For friends or relatives that are awful or annoying, you may be able to avoid 80% of activities or encounters with them. As long as these folks aren’t stealing your money or trying to sleep with your husband or wife, try to avoid being in the same place at the same time with them. You can probably have a conversation with your friend about how the two of you just don’t mesh or gel. This type of conversation shouldn’t cause a friend-i-vorce, as most rational people understand that not everyone gets along at all times. Try hard to concentrate on the relationship you have with your friend and not the auxiliary people that come with it.

Sometimes lives go in totally different directions. This isn’t anyone’s fault and no one did anything specifically wrong in the friendship.
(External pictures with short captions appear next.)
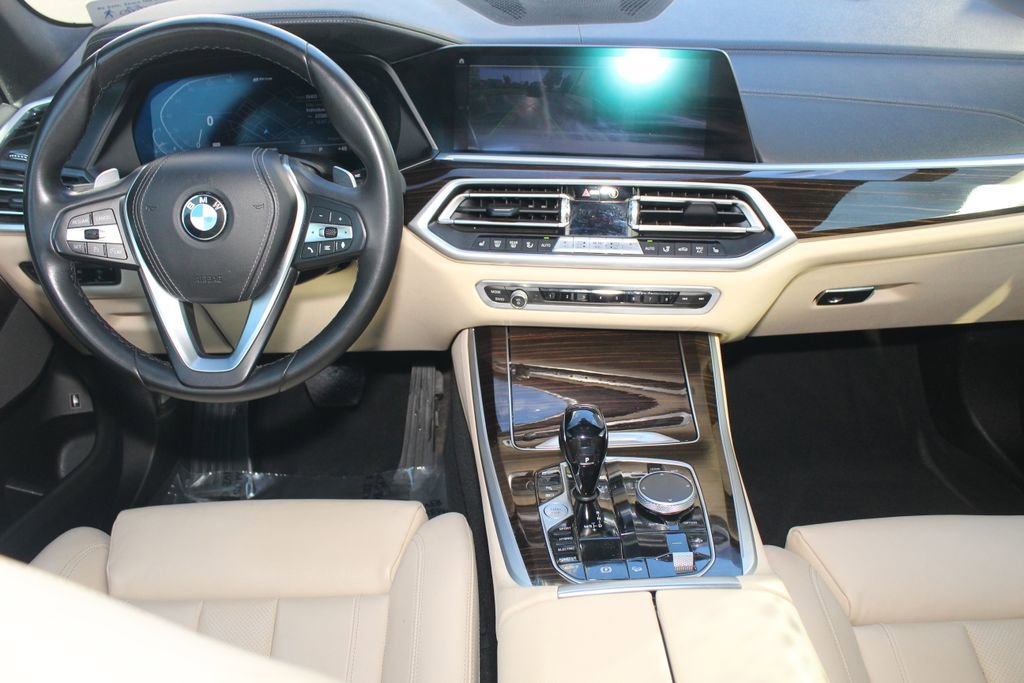 Used 2021 BMW X5 xDrive45e w/ Premium Package AWD/4WD image 4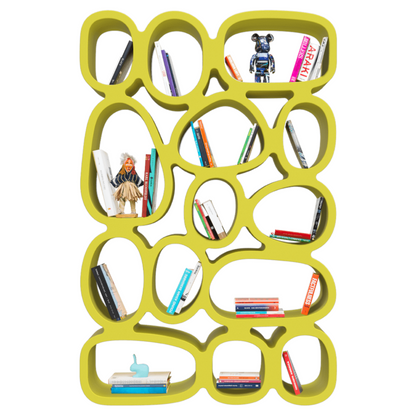 Mustardfarbenes Bücherregal mit organischen Fächern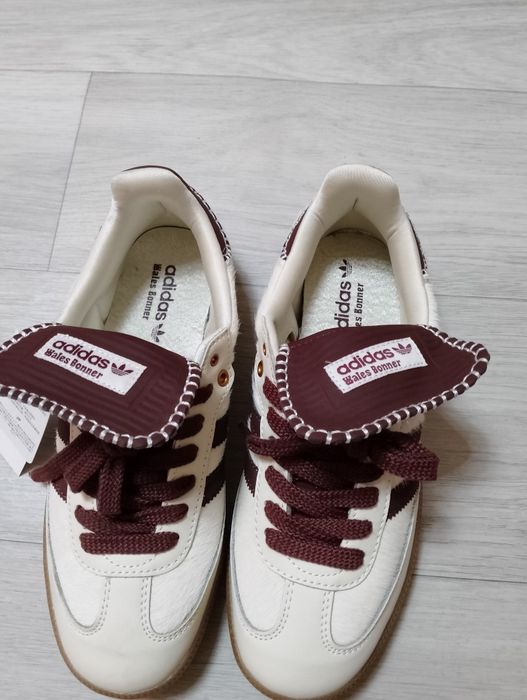Кроссовки женские Adidas Wales Bonner.38 размер новые.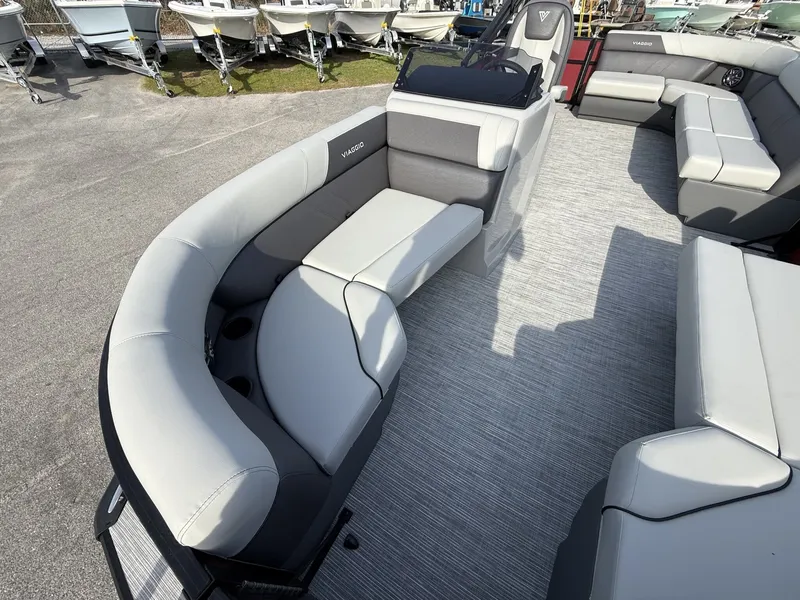 Slide: The Image of Viaggio Lago V-C 20 2026 - 6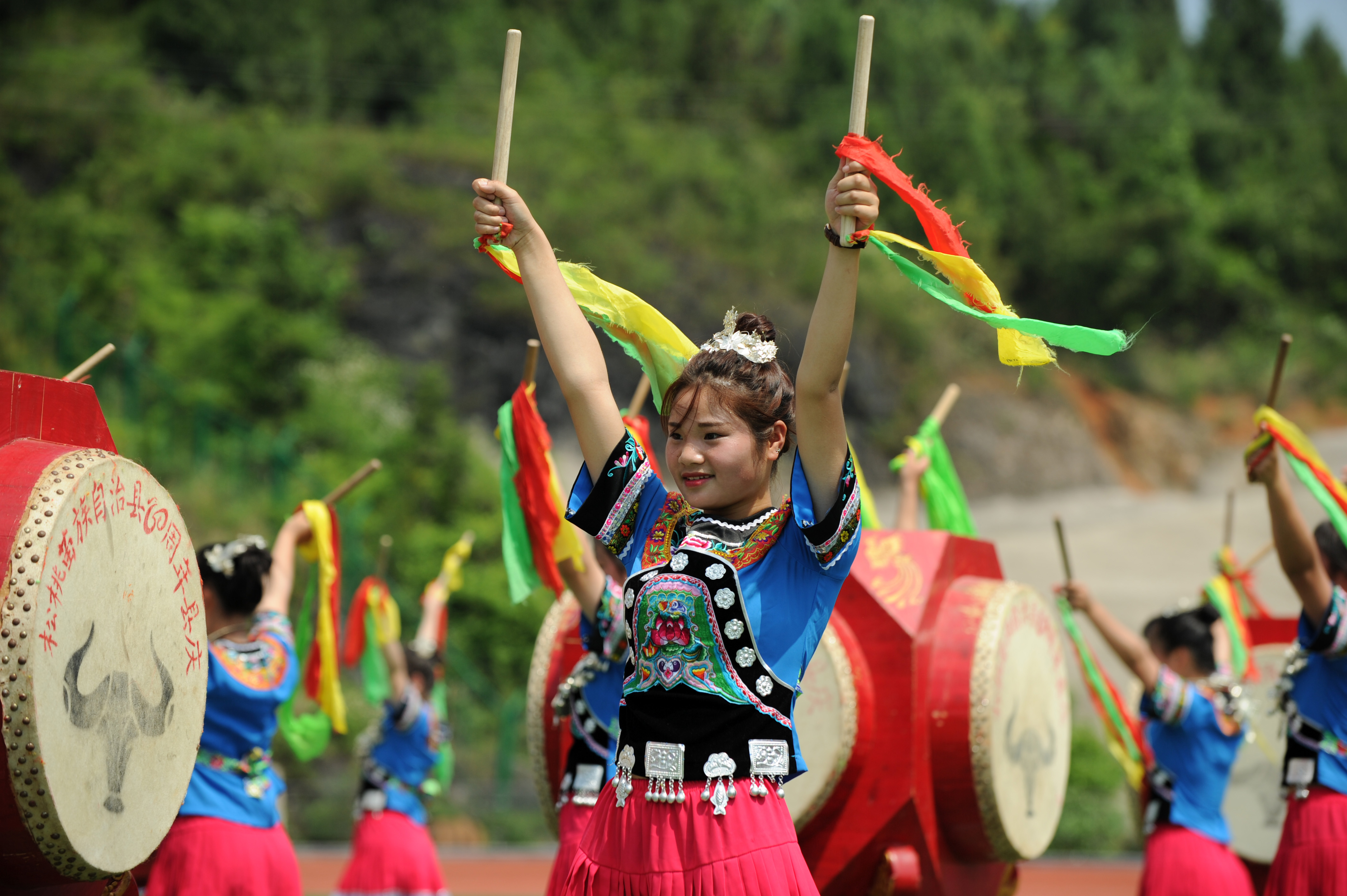 苗族"花鼓舞"进校园(4)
You moved away, you aren’t 12 years old anymore, you gave birth to an alien, etc. If there wasn’t a lot of commonality to begin with, an event like a move, a marriage, a child, a study abroad program, can really magnify the difference in lives you and your friend lead. You stop calling because you have nothing to talk about. She stops e-mailing because she knows you aren’t interested in what her daughter did at daycare. You both, mutually and unintentionally, stop contacting each other for long period of times. Eventually, you feel that too much time has passed and it would be awkward to call now. This is what I like to refer to as a “soft divorce.”

Of all the friend-i-vorces, this is the definitely the easiest, however perhaps the saddest. You still like your friend and if you ran across him at the supermarket, you’d hug him and say hello. You have no idea really why you stopped hanging out and you feel the guiltiest about letting this relationship fade. This is life and this happens to all of us. The good news is we might rekindle that friendship if we run into him. There is no negative memory burned in our brain that prevents us from starting over again. If however, you really never had much in common and you are both so different, it is best to remain softly divorced.

Before kicking the friend to the curb, you may want to take a look inward at yourself. Are you being too hard on the friend? Can you forgive them for the insults, missed parties, money owed, boyfriends stolen? Are you able to move past things that have happened in the past? Many times, I’ve tried to fancy myself as forgiving and forgetting, but I also know better. My feelings get hurt and they have memory of their pain. At times I see “the friend” and I am instantly drawn back to the time he hurt my feelings. I know this about myself and I try to work on it. I am stubborn, I am angry and I’m competitive. I want to win and sometimes if someone makes me feel like a loser, I discount all the times that friend made me feel like a winner.

Evaluate whether you have the ability to move on and forgive. Evaluate whether the friend is sorry for her actions, will likely do this again, and if you’ll be okay if it does happen again. This is on you. If you can’t get past it, you need to end the friendship. You’ll drive yourself crazy, make your friend miserable and make all of your other friends crazy whilst they listen to you complain about the whole situation.

If after all your analysis and self-evaluation, you look at the situation and realize, your friend is not a friend at all. She takes advantage of you, judges you, makes you feel bad about yourself, is embarrassing to herself and others, has a serious drug problem that she won’t deal with, beats her children, steals from the poor, kicks dogs, or is just a downright dick, get rid of her! Life is too short to choose to surround yourself with assholes. We are forced to be around jerks at work and we all know you can’t pick your family. Why on earth would we choose to be with people that make us miserable? Sometimes friend-i-vorce is called for.